6th September 1880 marks the beginning of the first Test cricket match on English soil. It was also the debut Test of the English great and the father of modern cricket Dr. W. G. Grace. But at that time, the concept of Test matches was not there. It was a hastily arranged three-day match between the touring Australians and a representative England XI. Even MCC was also not very interested in their traditional outlook to support such matches and hence the Oval became the venue for the first-ever Test match in England.
WG made his debut along with his two brothers, Edward Grace and Fred Grace. There were also other debutants like the Australian hitter George Bonnor and England wicketkeeper Honorary Alfred Lyttelton.
England captain Lord Harris won the toss and WG came to bat with his brother Edwards. They were the first pair of brothers to open in a Test match and was matched by the Mohammad brothers of Pakistan in 1969. The brothers put up 91 before Bunny Lucas joined WG for a 120 runs partnership. WG played as good as he generally played and reached his hundred. He was not part of the touring English teams in 1877 and 1879 but made his first Test match a memorable one. He soon reached his hundred and fifty and finally was out for a brilliant 152 off Joey Palmer. There were contributions from the middle order players as Lord Harris scored 52 and Allan Steele 42. England finished on 420 early on the second day.

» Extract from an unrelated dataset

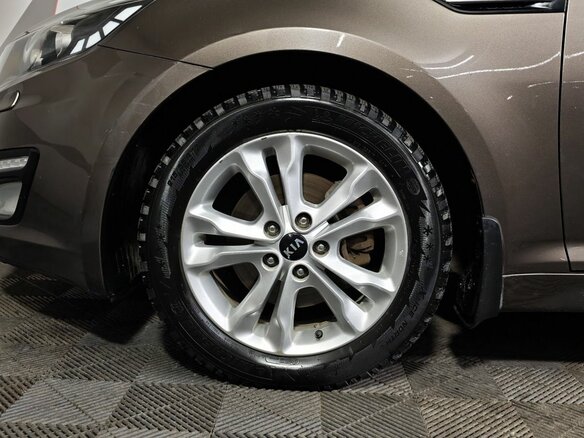 2013 Kia Optima III, коричневый - вид 8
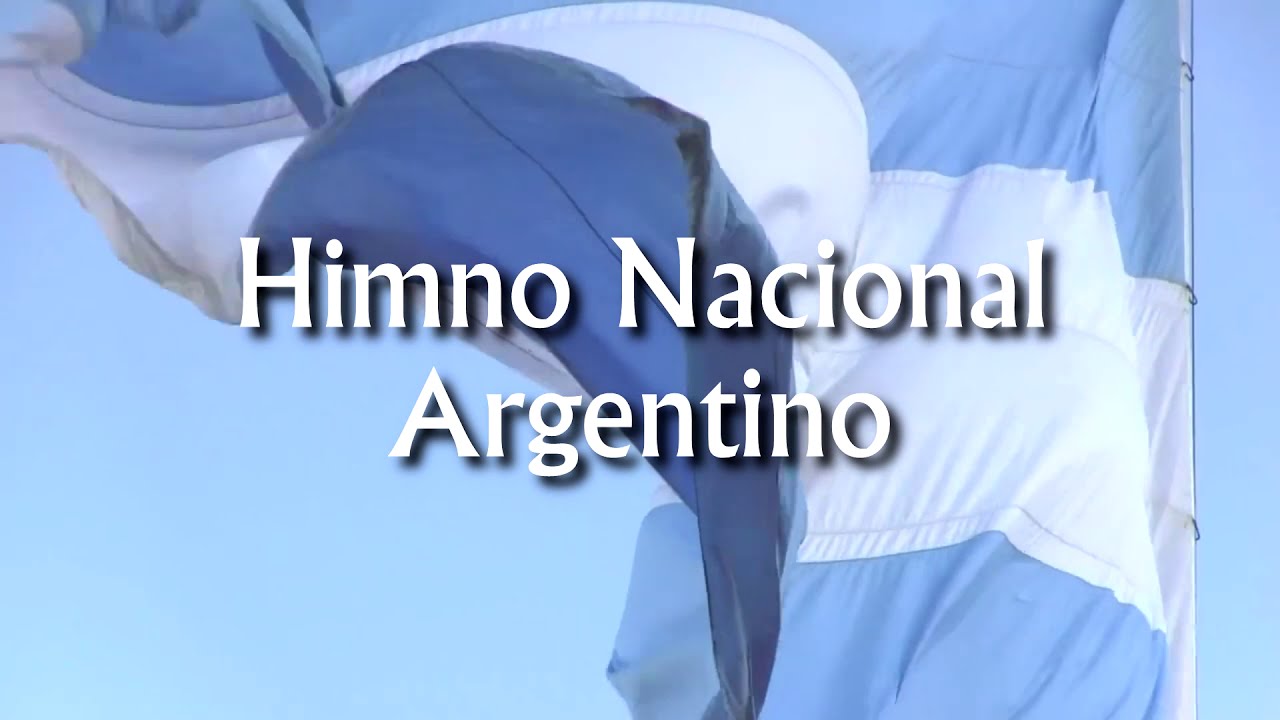 Himno Nacional Argentino - Banda Sinfónica de la Provincia de La Pampa - Gladys Martino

Australian response did not match the quality of the English batsmen. Captain Billy Murdoch was the first to go after a 22 minute zero. They kept losing regular wickets and were all out for just 149 runs. Left-arm fast bowler Fred Morley took five wickets for 56 runs and Steele took three wickets. The last wicket was picked up by WG Grace in the first ball of his second over.

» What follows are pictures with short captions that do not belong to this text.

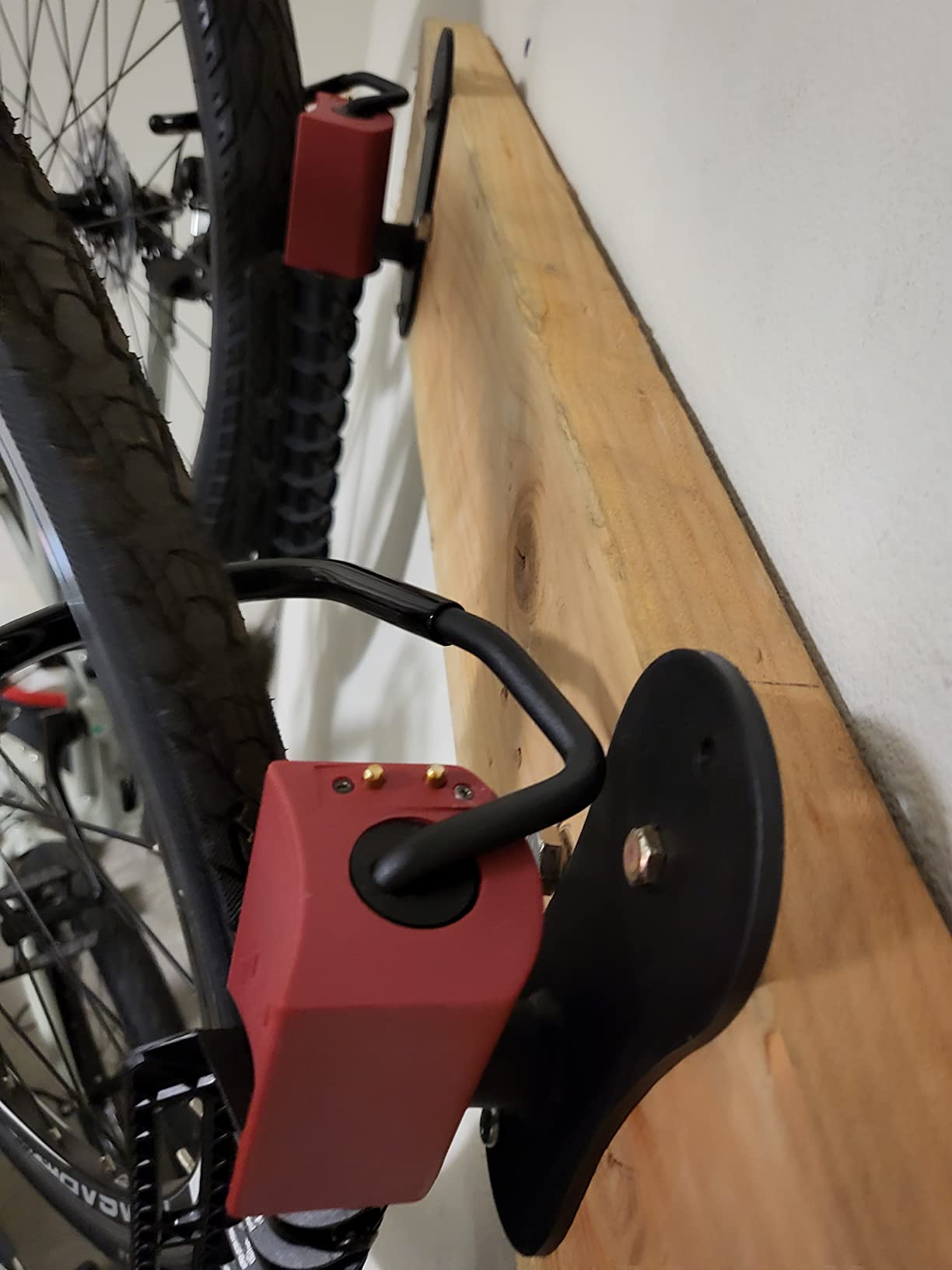 PRO BIKE TOOL Swivel Bike Rack Wall Mount 2 Pack - Vertical Garage Storage customer photo 1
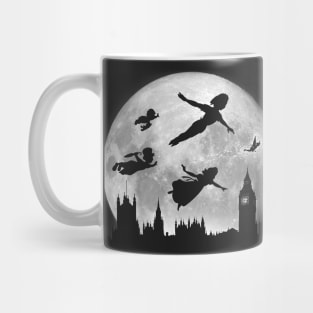 Flying over Big Ben Mug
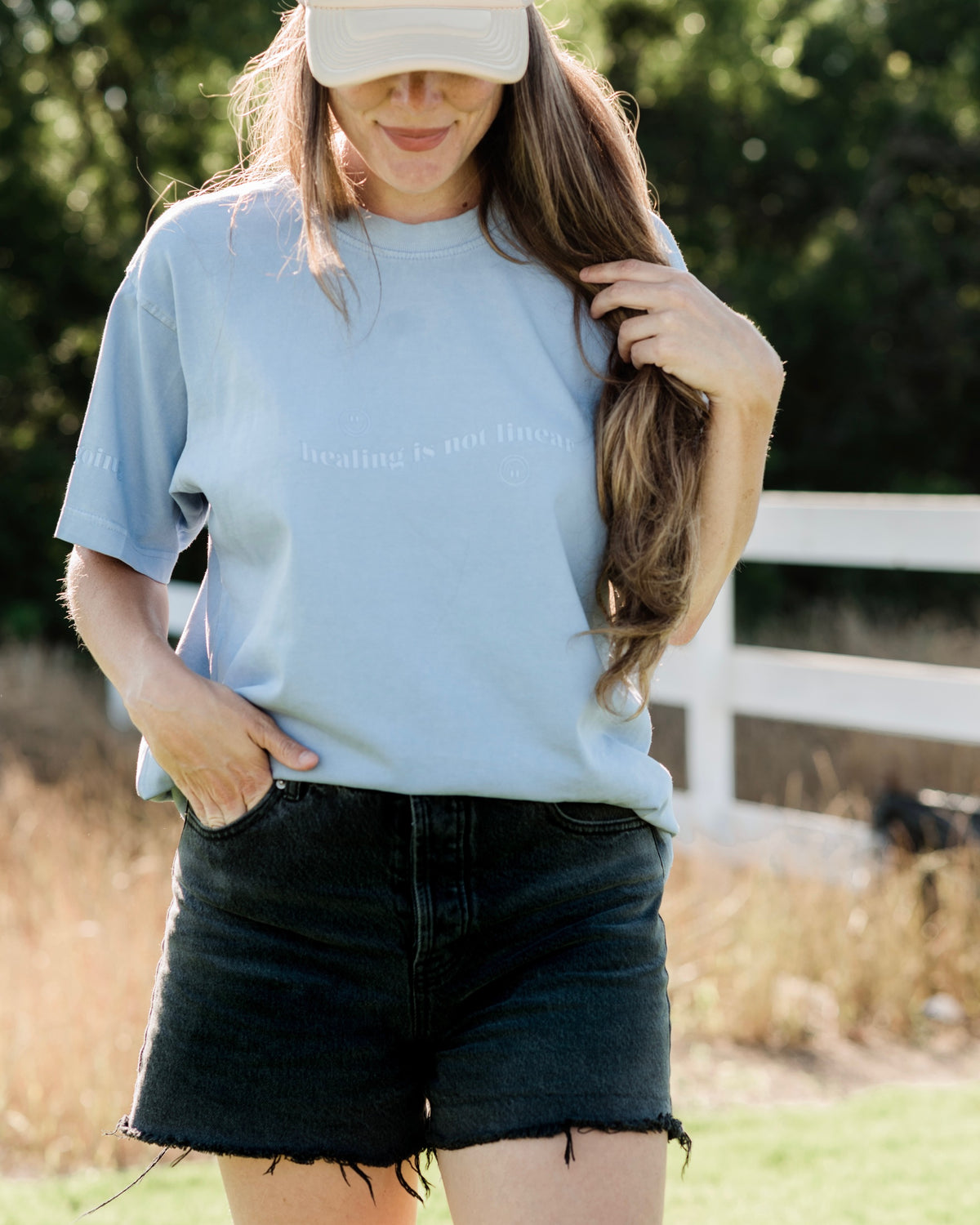 Healing Is Not Linear Tee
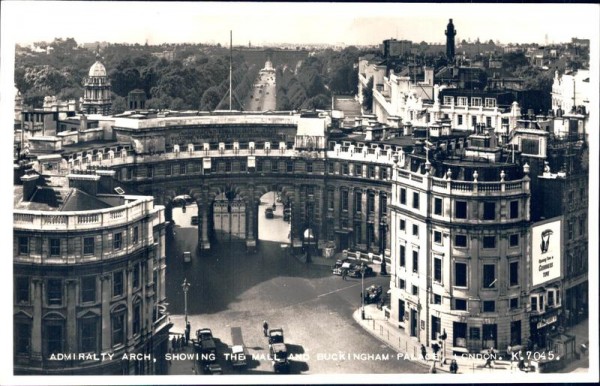 Admiralty Arch (London) Vorderseite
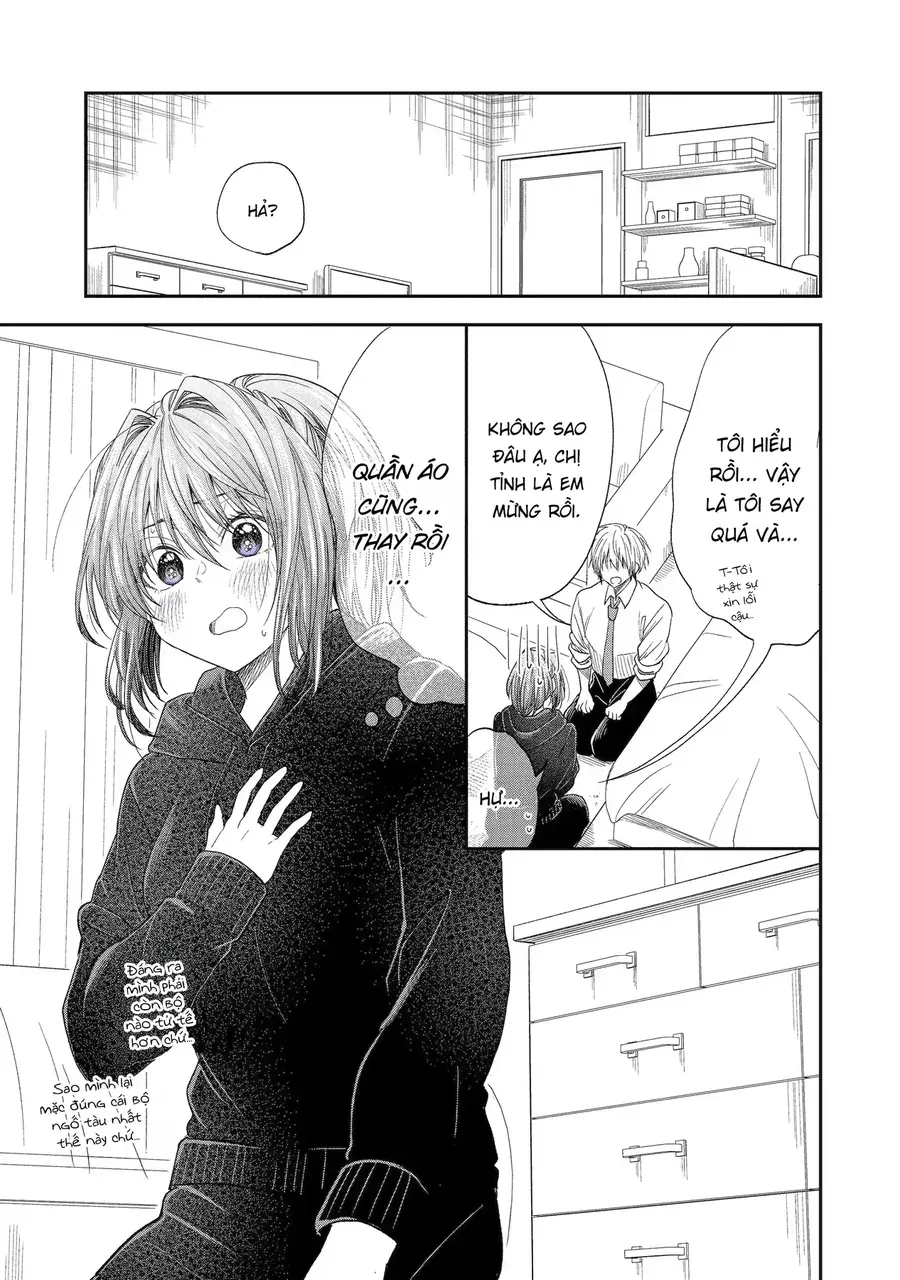 Awkward Senpai Chap 58 - Next Chap 59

Australians followed on and looked out of the match when they were 14/3. But Murdoch showed the way and added 83 runs with Percy McDonnell who scored 43. Australia ended the second day on 170/6. They were still 101 runs behind England. However, Murdoch played brilliantly on day three and with the help from number ten George Alexander (33) and number eleven Willian Moule (34), took the score to 327. He himself remained unbeaten on 153. WG bowled 28 4-ball overs and picked up two wickets.

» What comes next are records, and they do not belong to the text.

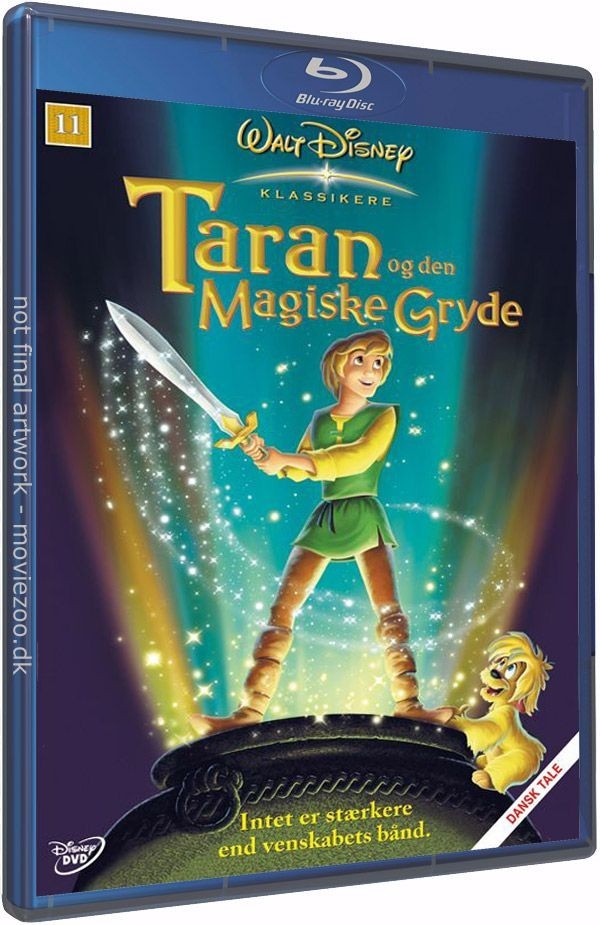 Taran og den Magiske Gryde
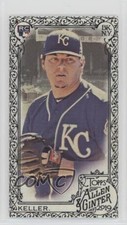 2019 Topps Allen & Ginter Mini Black Brad Keller #197 Rookie RC fo7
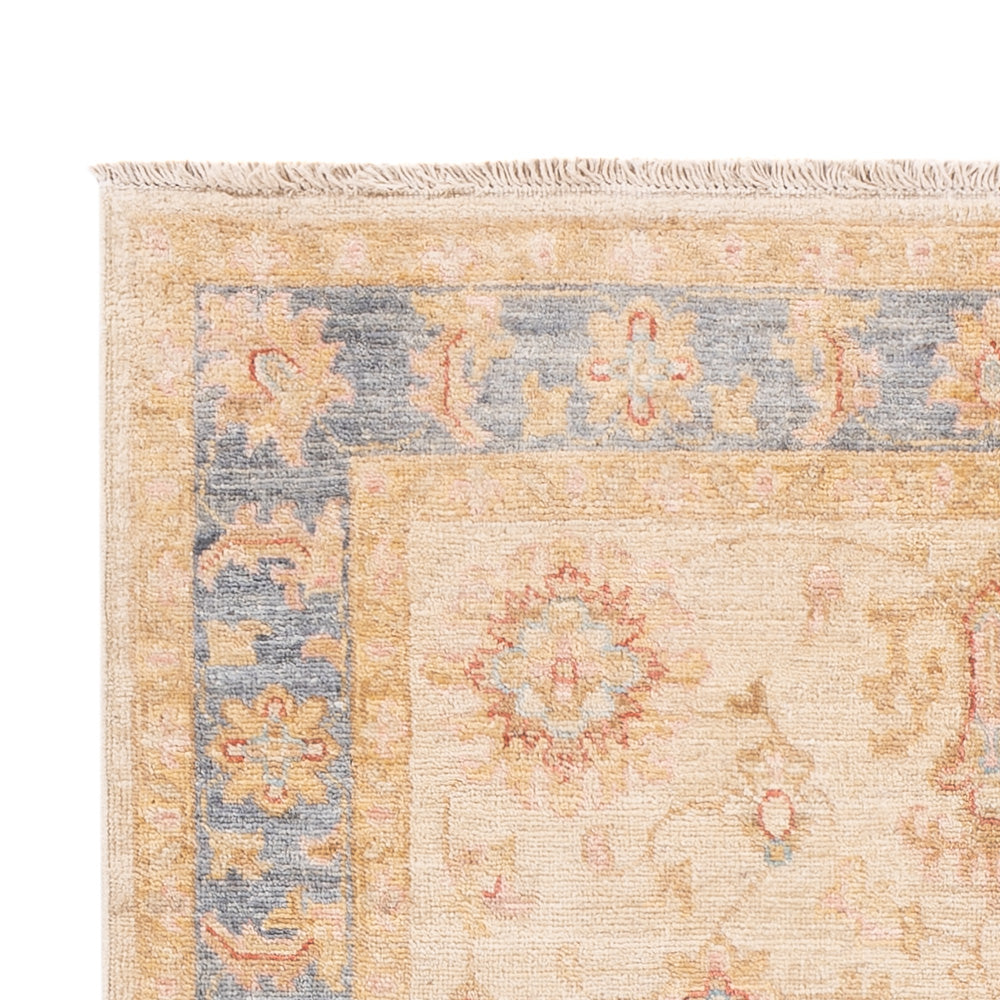 Ziegler Teppich 102x154cm - Orientteppich - beige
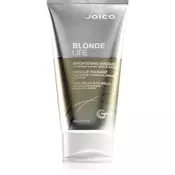 Joico Blonde Life maska za posvetlitev za blond lase in lase s prameni 150 ml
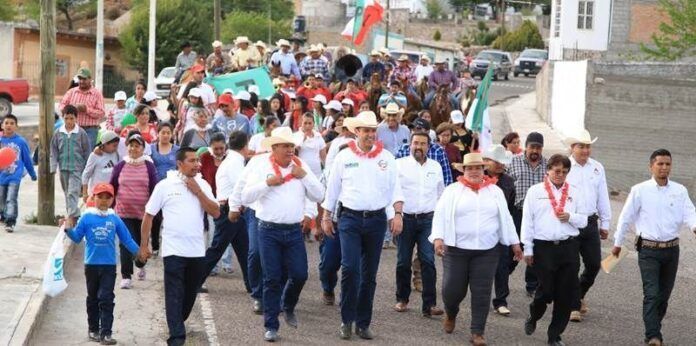 En gira por el municipio En gira por el municipio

With only 57 runs to chase, Grace decided not to open and Lyttelton opened with Fred Grace. However, it was not as easy as they thought and Palmer took the first three English wickets with 22 runs on board. Soon they were 31/5 and WG had to come out with 26 runs still remaining. However, there was no more drama and Grace and Frank Penn scored the remaining runs to win the first-ever Test match in England.
There were close to 20,000 spectators present on the first two days and their excitement after beating Australia indicated the popularity of these matches between the representative sides and hinted that the Test cricket was there to stay.